The homegrown Hammers gathered for a special 'Time of our Lives' show that looked back at the successful side of the mid-60s. Hosted by Jeff Stelling, the hour-long programme was full of memories and stories from the popular players - including their thoughts on team-mates such as Johnny 'Budgie' Byrne and the FIFA World Cup-winning trio led by Bobby Moore.
Of 'Mooro', his former defensive partner Brown led the tributes to an immaculate man who was as polished off the pitch as he was on it. "He was more than one of the lads. He was a joy to be with and he was an absolute dream of a player. "
However, the three fans' favourites most notably remembered the achievement of their manager Ron Greenwood. A former Chelsea favourite as a player, who won the Division One title at Stamford Bridge in 1955, Greenwood wasted no time in settling in east London when he was appointed in April 1961.
He finished in mid-table in his first two full campaigns before tasting success, but his main achievement was putting the Academy at the heart of the club and instilling in the squad a philosophy of attacking football - the West Ham way.

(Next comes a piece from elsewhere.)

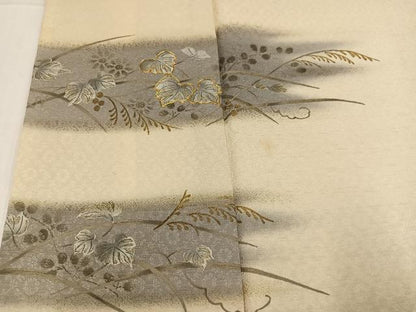 平和屋着物●訪問着　手描き　駒刺繍　草花文　暈し染め　金彩　正絹　逸品　AABC3390ph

With a smile, 'Ticker' Boyce recalled spending his entire career at the club largely under Greenwood's guidance. "Looking back, his philosophy was simply to attack and to please the paying public. That is all I can remember him saying. I can't remember really a defensive session."

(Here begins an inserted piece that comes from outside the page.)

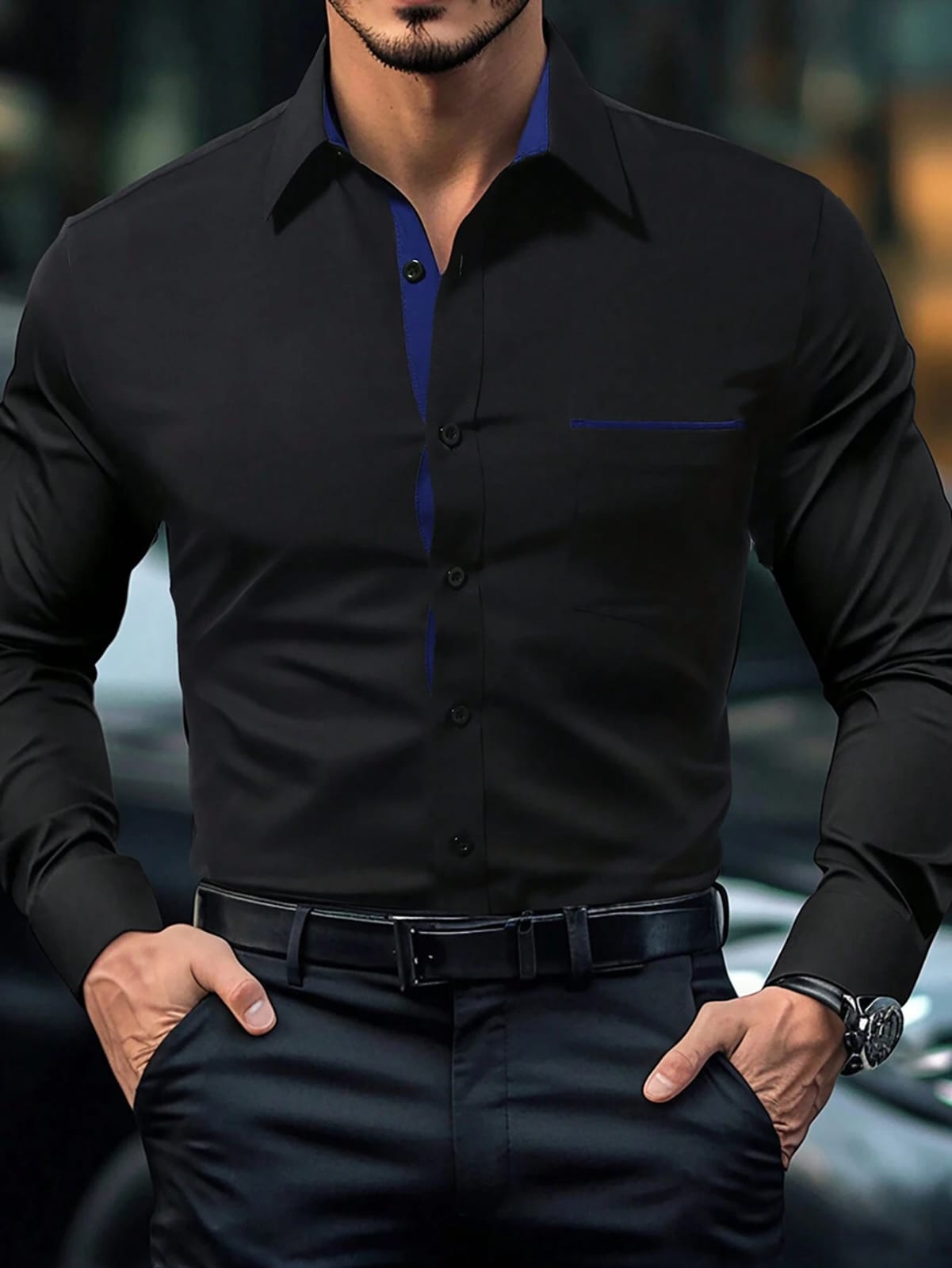 CAMISAS MANGA LARGA DE HOMBRE  COLOR  NEGRO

Bond, a goalscoring right-back, added: "I was there for eight years with Ron and I can't remember to this day doing one defensive practice. We never did the same thing twice. We didn't do any defensive work. It was amazing how everyone was together and knitted together. We all knew exactly what we were doing. He was a genius. There is no doubt about it."
That 'genius' saw Greenwood lead the club to FA Cup glory in 1964 before his and the club's finest hour with the triumph of the 1965 European Cup Winners' Cup. They also talked about how the manager played a pivotal role in helping Geoff Hurst establish himself as an England forward feared the world over.